Sign in to add a comment

Implement "remote" (alternative service and origin have different hostnames) HTTP/2 Alternative Services

Project Member Reported by b...@chromium.org, May 27 2016

Issue description

When a new TLS connection is opened to an Alternative Service for a given origin, RFC7838 [1] Section 2.3. requires that the SNI contains the hostname of the origin, not that of the Alternative Service.

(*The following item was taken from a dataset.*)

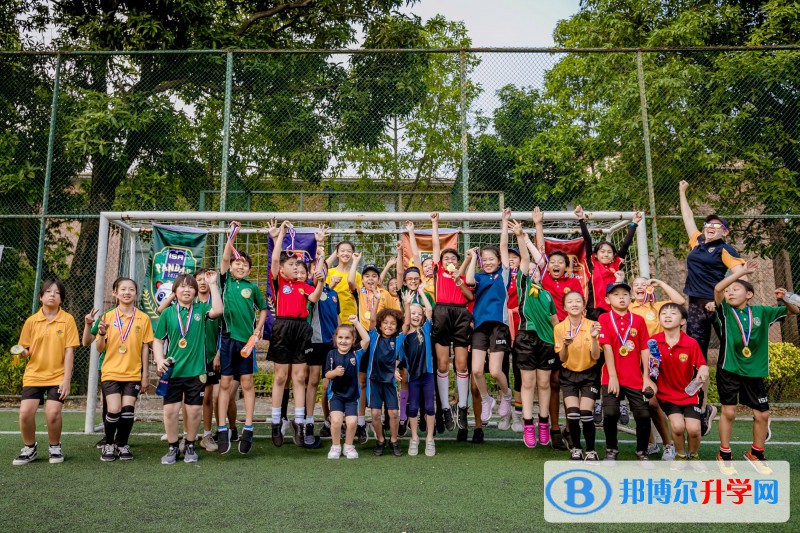 廣州愛莎國際學校2022年錄取分數線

[1] https://tools.ietf.org/html/rfc7838
 
Cc: davidben@chromium.org
This should probably link to  issue #585876  which is the version of this for QUIC. Notably there is important context there for why "send the correct SNI" is not a good framing here. The SNI must not be changed on its own. I think a more accurate description is that Alt-Svcs should be treated as a funny DNS CNAME and (at least when I last saw the implementation) was not.
Also, an important detail that, I think got mentioned in the other discussion, but is probably worth recasting in terms of HTTP/2 and HTTP/1.1 because QUIC cares less about this layering detail:

Say I connect to (1) {origin=origin.com, alternate=alternate.com} and later to (2) {origin=alternate.com, alternate=alternate.com}. The two sockets will be authenticated under their respective origins and will both end up in the socket pool, but they must do so under *different* groups. The socket pool must lookup by origin and not the alternate. At the socket pool level, if a request comes in for alternate.com, socket (1) must never be considered an option.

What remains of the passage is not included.